= Frasers of Philorth =

The Frasers of Philorth are a Scottish Lowlands family, originally from the Anjou region of France. Castle Fraser, their family seat, is in Sauchen, Aberdeenshire, Scotland. Since the time of Alexander Fraser, 11th Lord Saltoun, the heads of the Philorth family are the Lords Saltoun. The current head of the Frasers of Philorth is Katharine Fraser, 22nd Lady Saltoun, who is Chief of the Name and Arms of Clan Fraser. The family's arms are "azure, three cinquefoils argent"—three silver strawberry flowers on a field of blue. The heraldic cinquefoil is a stylized five-point leaf; the cinquefoils which appear on the Fraser of Philorth coat-of-arms are specifically strawberry flowers. Only the Lady or Lord Saltoun is permitted to display these arms plain and undifferenced.

==History==
Fraserburgh Alexander's grandson, also Alexander, married a daughter of the Earl of Ross, acquiring the lands of Philorth in Buchan, plus the castle of Cairnbulg, which has been the seat of the Fraser chiefs from that time forward.

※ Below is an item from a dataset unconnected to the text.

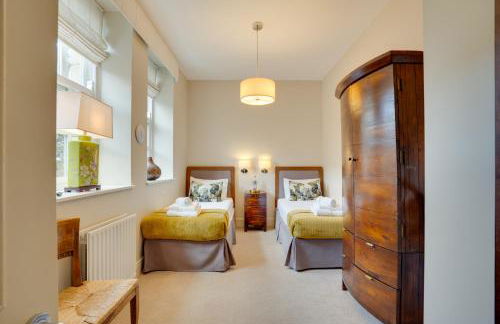Spence Lodge Cosy 2-Bed Stone Cottage, Alnmouth - Foto 21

In 1504, the family purchased a fishing community called Faithlie, by Kinnaird Head. On coming into possession in 1569, Sir Alexander, 8th Lord of Philorth, began to build "a large and beautiful town". He laid the foundation of the Tower of Kynnairdshead, since called the Castle of Fraserburgh, and built a church.

They created a burgh of barony in 1546.

In 1592, Alexander was given a charter by James VI for Faithlie. He improved the harbour, making the area a thriving town, which soon became a free port and burgh called Fraserburgh, a rival of Aberdeen.

Around 1596, the family built Pittulie Castle.

Fraserburgh was to have had a university, but the religious troubles and competition from Aberdeen stemmed the town’s growth. By building Fraserburgh Castle the Laird bankrupted himself, and had to sell the Philorth Castle, which passed out of the family for over 300 years until Alexander Fraser, 19th Lord Saltoun, bought it back in 1934. Alexander, 9th Lord of Philorth, married the heiress of the Lord Saltoun, a title borne by the Clan Fraser chiefs since that time.

The Chiefship was in dispute between the Frasers of Philorth and another branch, which also came from Tweeddale, the Frasers of Muchalls.
In the reign of Charles I, the Frasers supported his rule in Scotland, as his father had granted them the lordship. In the Anglo-Scottish war, the Frasers fought against Oliver Cromwell. This act of rebellion meant that title of Lord Fraser was not long-lived, as many of the Fraser family began immigrating to the Americas during Cromwell's reign as Lord Protector. Many of the 1st Lord Fraser's sons settled in the newly founded colonies of Massachusetts, Virginia, and Maryland under the name "Frizzell". Many of these descendants married into prominent families in the Colonies, including the Carters of Corotoman, Virginia.

As for those who stayed in Scotland, Andrew, the 2nd Lord Fraser, remained in Kemnay at Castle Fraser until his death in 1623. His eldest son, the 3rd Lord Fraser, Alexander Fraser, 11th Lord Saltoun, and his brothers took part in the 1650 Battle of Dunbar under David Leslie, 1st Lord Newark. One of these brothers, James Fraser, ended up in Massachusetts (US) as "James Frizzell." In 1670, following the ascension of Charles II of England, the 3rd Lord Frazer's (11th Lord Saltoun) title was ratified by Parliament. Following the death of the 3rd Lord Fraser in 1693, the title passed to his grandson, William Fraser, 12th Lord Saltoun. The peerage expired with the 4th Lord Fraser, who died in 1716 while on the run as a result of his participation in The Fifteen.